__TASK STATEMENT__.
Repeat everything in the data exactly except images.

__INFORMATION PROVIDED__.
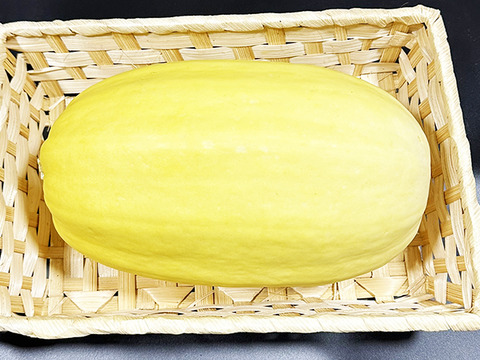 麺になるかぼちゃ！？そうめんかぼちゃ（約1kg、1〜2個）農薬・化学肥料不使用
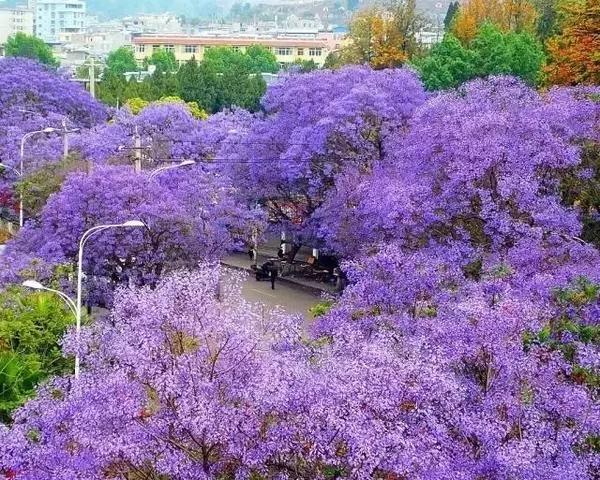 四川藏着一个静谧古城,四川被忽略的古城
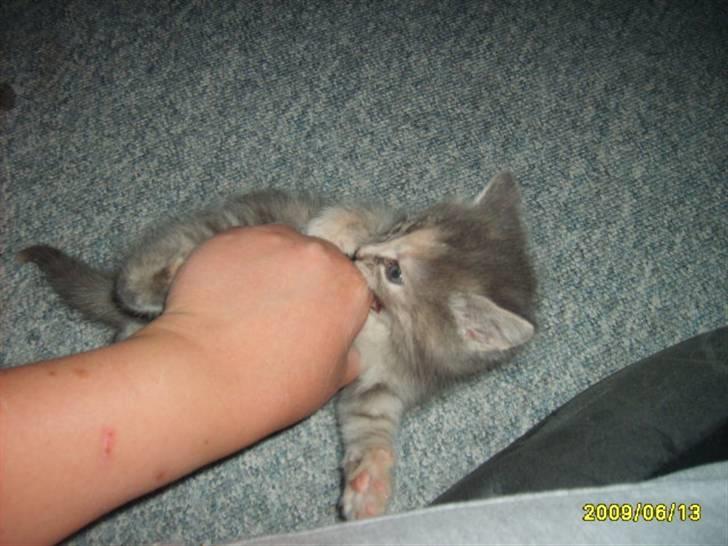 Huskat Pjevs(R.I.P) - mig da leje billede 2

__ANSWER SECTION__.
 麺になるかぼちゃ！？そうめんかぼちゃ（約1kg、1〜2個）農薬・化学肥料不使用
 四川藏着一个静谧古城,四川被忽略的古城
 Huskat Pjevs(R.I.P) - mig da leje billede 2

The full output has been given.